**Action item:** Please restate the data that follows word for word, with the pictures left out.

**Collected material:**
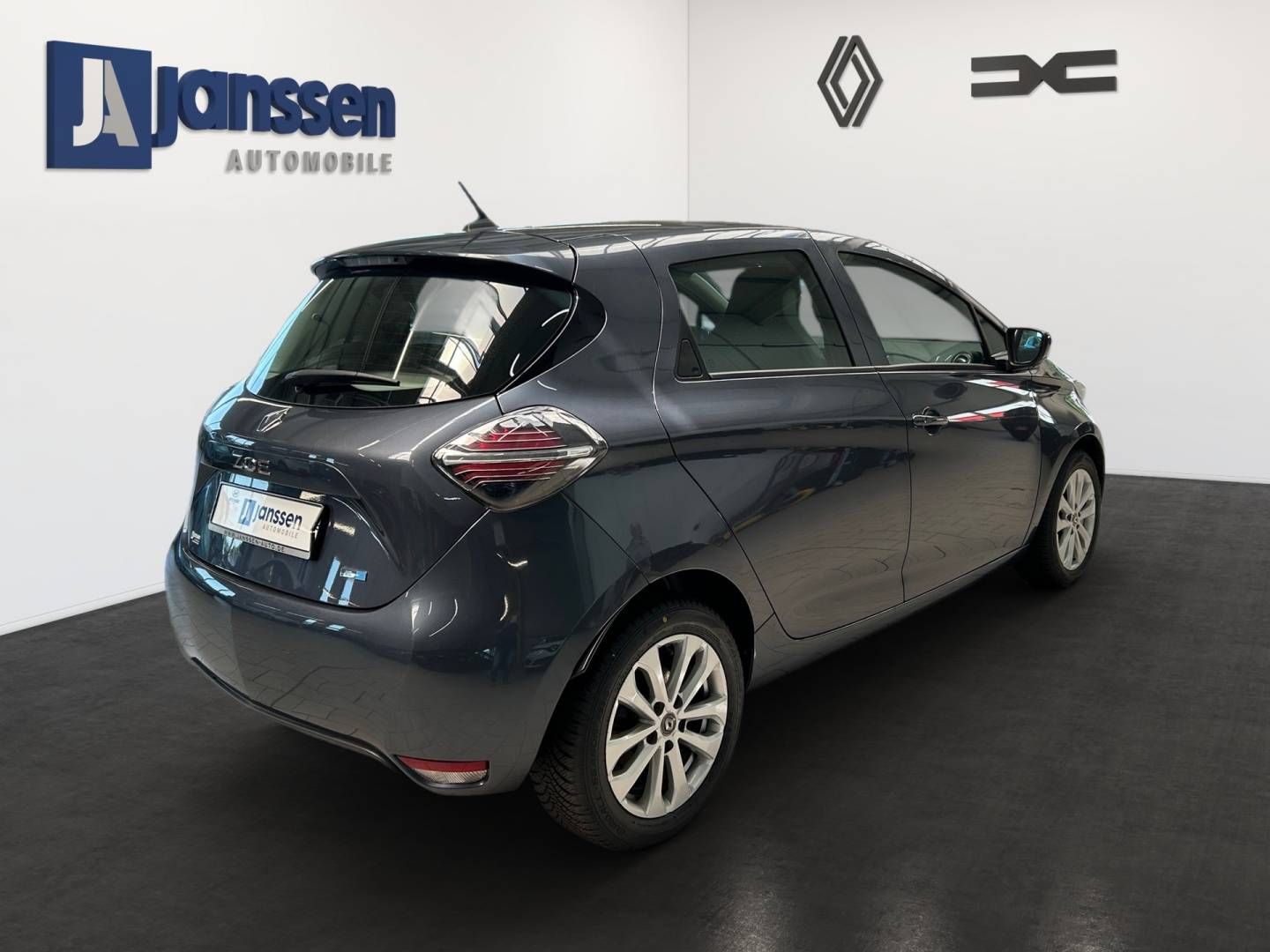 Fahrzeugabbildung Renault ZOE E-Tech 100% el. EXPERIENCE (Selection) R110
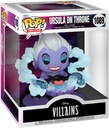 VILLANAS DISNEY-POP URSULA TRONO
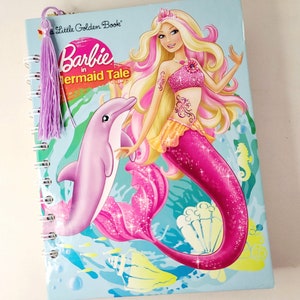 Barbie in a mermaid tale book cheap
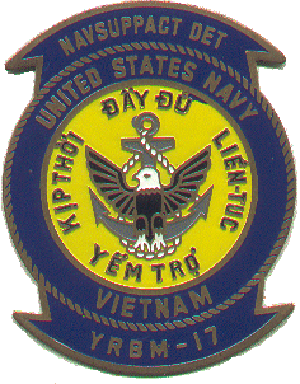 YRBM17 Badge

**Solution for this problem:**
 Fahrzeugabbildung Renault ZOE E-Tech 100% el. EXPERIENCE (Selection) R110
 VILLANAS DISNEY-POP URSULA TRONO
 Barbie in a mermaid tale book cheap
 YRBM17 Badge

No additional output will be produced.